Replatforming to Jekyll and AWS S3

Home, Bangkok, Thailand, 2019-05-23 21:43 +0700

#webdev #cloud #aws

 

Over the past couple of weeks I’ve rebuilt my website on the static blog engine Jekyll and have setup hosting for it on AWS S3 using the static website feature.

It took information from several different documents to get the complete solution together, so I thought I’d do a write-up of the configuration and open-source my CloudFormation template as an example that you can use if you want to do something similar. The template is available from GitHub.

Goal

The goals for this solution were as follows:

Note that I’d prefer to use the “naked” domain (with no www) as my main URL but later we need to CNAME the domain name to the S3 bucket’s domain name, and you can’t CNAME a zone that contains other records like NS or SOA records.
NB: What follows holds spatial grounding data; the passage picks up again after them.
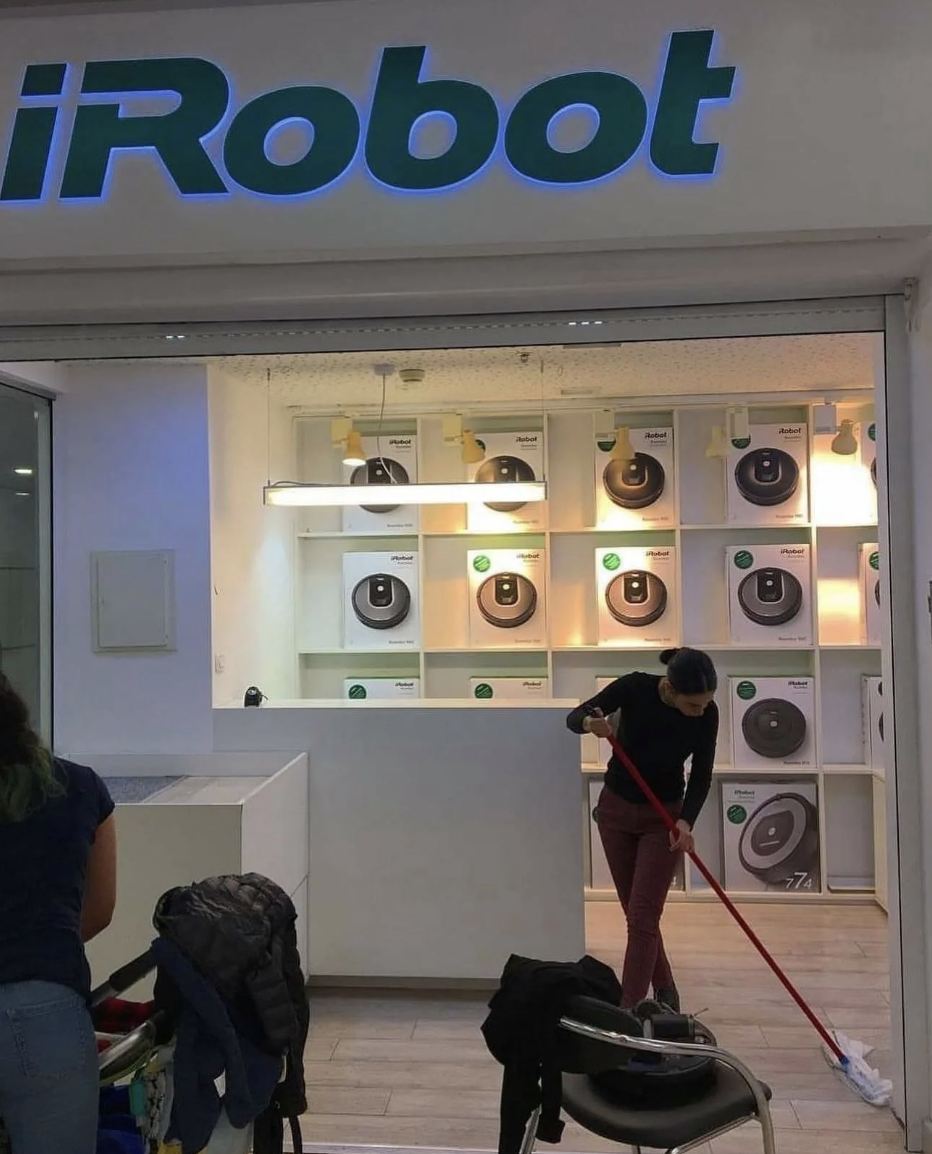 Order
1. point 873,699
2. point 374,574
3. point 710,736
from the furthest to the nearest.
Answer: point 374,574 < point 873,699 < point 710,736

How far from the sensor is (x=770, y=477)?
17.1 feet

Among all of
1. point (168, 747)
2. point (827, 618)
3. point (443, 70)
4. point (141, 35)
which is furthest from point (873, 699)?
point (141, 35)

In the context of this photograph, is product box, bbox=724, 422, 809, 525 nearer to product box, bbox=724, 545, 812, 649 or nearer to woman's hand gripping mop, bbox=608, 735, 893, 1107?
product box, bbox=724, 545, 812, 649

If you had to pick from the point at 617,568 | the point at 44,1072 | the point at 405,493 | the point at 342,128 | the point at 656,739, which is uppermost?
the point at 342,128

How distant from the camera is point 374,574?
17.9 feet

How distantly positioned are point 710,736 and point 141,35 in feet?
9.12

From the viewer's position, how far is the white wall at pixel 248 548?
4.13m

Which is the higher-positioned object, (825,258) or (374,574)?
(825,258)

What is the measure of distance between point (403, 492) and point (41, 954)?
8.80ft

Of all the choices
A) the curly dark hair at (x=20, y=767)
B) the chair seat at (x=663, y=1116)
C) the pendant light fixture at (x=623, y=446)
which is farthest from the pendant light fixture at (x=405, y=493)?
the chair seat at (x=663, y=1116)

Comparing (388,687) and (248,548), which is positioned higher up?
(248,548)

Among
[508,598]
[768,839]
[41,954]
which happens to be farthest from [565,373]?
[41,954]

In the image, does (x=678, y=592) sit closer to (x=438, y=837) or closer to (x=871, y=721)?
(x=871, y=721)

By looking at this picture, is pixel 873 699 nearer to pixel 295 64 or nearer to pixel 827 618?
pixel 827 618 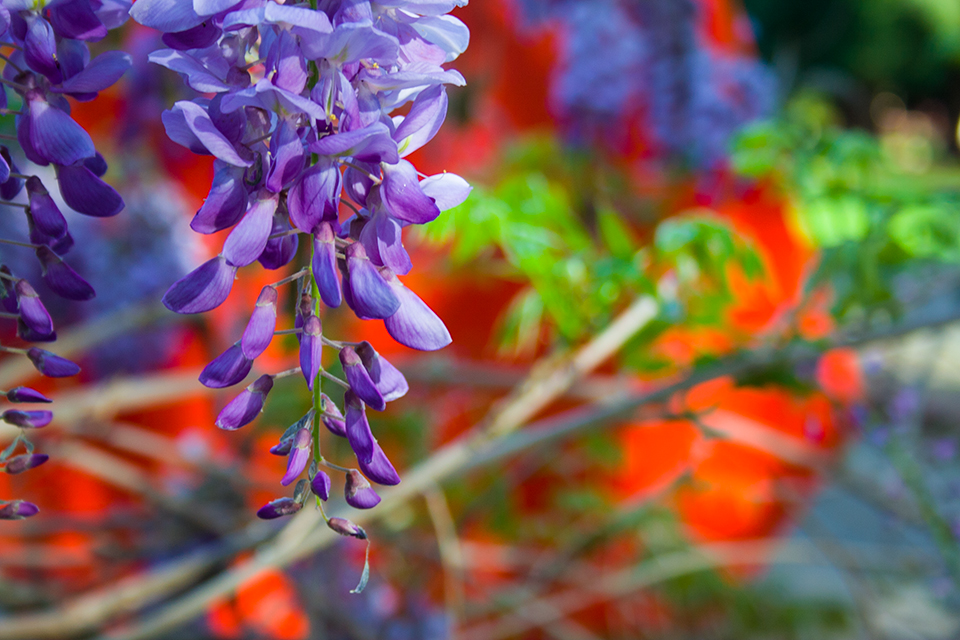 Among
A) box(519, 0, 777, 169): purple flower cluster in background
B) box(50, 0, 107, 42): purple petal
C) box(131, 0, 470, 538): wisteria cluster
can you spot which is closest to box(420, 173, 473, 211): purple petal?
box(131, 0, 470, 538): wisteria cluster

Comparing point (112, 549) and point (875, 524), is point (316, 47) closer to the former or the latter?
point (112, 549)

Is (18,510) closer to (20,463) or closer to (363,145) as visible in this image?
(20,463)

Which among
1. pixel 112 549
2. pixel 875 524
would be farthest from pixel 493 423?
pixel 875 524

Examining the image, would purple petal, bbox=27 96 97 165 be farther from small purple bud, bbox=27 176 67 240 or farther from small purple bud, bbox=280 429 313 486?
small purple bud, bbox=280 429 313 486

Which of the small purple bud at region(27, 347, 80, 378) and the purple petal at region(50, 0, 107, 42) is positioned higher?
the purple petal at region(50, 0, 107, 42)

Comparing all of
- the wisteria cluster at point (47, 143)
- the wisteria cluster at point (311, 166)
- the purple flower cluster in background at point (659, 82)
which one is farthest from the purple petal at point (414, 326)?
the purple flower cluster in background at point (659, 82)

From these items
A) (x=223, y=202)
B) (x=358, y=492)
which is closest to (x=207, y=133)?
(x=223, y=202) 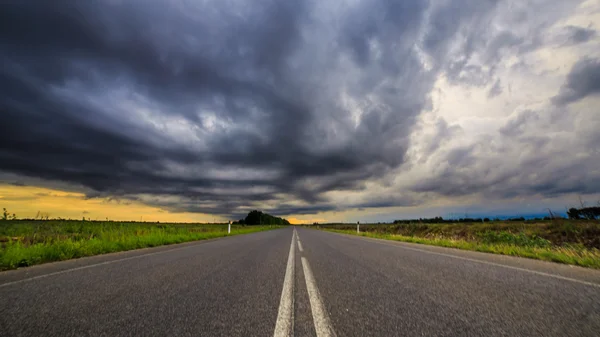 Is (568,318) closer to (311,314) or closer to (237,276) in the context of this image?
(311,314)

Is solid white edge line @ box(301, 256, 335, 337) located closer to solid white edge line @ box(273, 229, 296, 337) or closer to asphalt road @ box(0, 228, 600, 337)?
asphalt road @ box(0, 228, 600, 337)

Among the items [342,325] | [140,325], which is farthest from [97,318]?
[342,325]

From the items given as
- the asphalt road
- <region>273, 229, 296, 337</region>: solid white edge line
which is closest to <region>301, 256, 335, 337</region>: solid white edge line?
the asphalt road

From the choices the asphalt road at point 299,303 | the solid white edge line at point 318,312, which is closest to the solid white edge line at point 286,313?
the asphalt road at point 299,303

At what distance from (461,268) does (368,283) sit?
8.51 feet

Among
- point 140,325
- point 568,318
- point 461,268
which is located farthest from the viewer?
point 461,268

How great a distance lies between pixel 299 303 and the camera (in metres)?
3.00

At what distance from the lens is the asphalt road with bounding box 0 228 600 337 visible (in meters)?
2.20

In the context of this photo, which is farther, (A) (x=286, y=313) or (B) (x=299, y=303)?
(B) (x=299, y=303)

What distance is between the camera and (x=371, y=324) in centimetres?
229

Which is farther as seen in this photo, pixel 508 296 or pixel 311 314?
pixel 508 296

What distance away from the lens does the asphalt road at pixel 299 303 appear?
7.22ft

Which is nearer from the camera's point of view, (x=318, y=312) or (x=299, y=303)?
(x=318, y=312)

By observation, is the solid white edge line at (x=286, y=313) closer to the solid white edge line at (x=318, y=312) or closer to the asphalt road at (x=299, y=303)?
the asphalt road at (x=299, y=303) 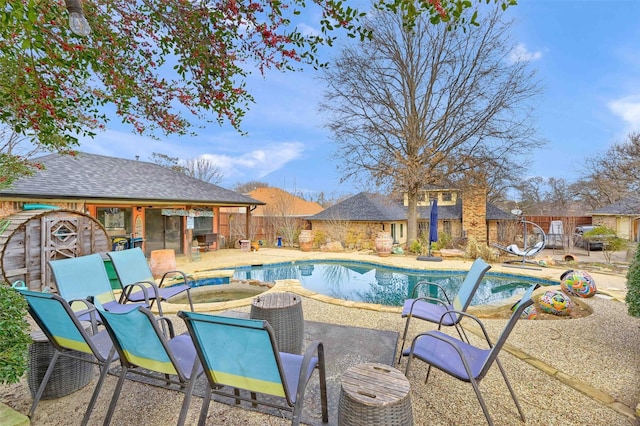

We’ll go through how this is configured via the console first, then I’ll show you the CloudFormation template that automates the whole thing.

Static Hosting

Basic Setup

The basic static hosting part is dead easy and pretty well documented in Hosting a Static Website on Amazon S3 so I won’t go into deep detail on this part. At a high-level the process is:

  • Create a bucket named with the hostname you want to use - e.g. I created a bucket called www.brendonmatheson.com

  • Enable static hosting including setting the index and error documents:

  • Add a bucket policy that allows public read access:

{
  "Version":"2012-10-17",
  "Statement":[{
	"Sid":"PublicReadGetObject",
        "Effect":"Allow",
	  "Principal": "*",
      "Action":["s3:GetObject"],
      "Resource":["arn:aws:s3:::www.brendonmatheson.com/*"
      ]
    }
  ]
}
  • Point a CNAME for your domain name at the S3 bucket name. For example I’ve CNAME’d www.brendonmatheson.com to point to www.brendonmatheson.com.s3-website-ap-southeast-1.amazonaws.com

At this point you should be able to access your site through both the actual domain name, and also directly via the S3 bucket name. In my case these both work:

Logging

To enable logging for your site:

  • Create another separate bucket - this one should be private. Mine is called logs.brendonmatheson.com.
  • Under Permissions / Bucket Policy, define a bucket policy that will allow your account to write to the bucket - for example (remember to change 111111111111 to your account ID):
{
    "Version": "2012-10-17",
    "Statement": [
        {
            "Sid": "Permit access log delivery by AWS ID for Log Delivery service",
            "Effect": "Allow",
            "Principal": {
                "AWS": "arn:aws:iam::111111111111:root"
            },
            "Action": "s3:PutObject",
            "Resource": "arn:aws:s3:::logs.brendonmatheson.com/web/*"
        }
    ]
}
  • Now go back to the properties of your site bucket, and enable server access logging, specifying the logs bucket you just created as well as the prefix (path) within the bucket that you would like logs to be placed “in”:

Done. Now when you hit your site logs will be sent to your logs bucket - however note there can be quite a delay between the HTTP request and the log line showing up. It’s not like tailing your nginx log so give it some time when you’re testing this.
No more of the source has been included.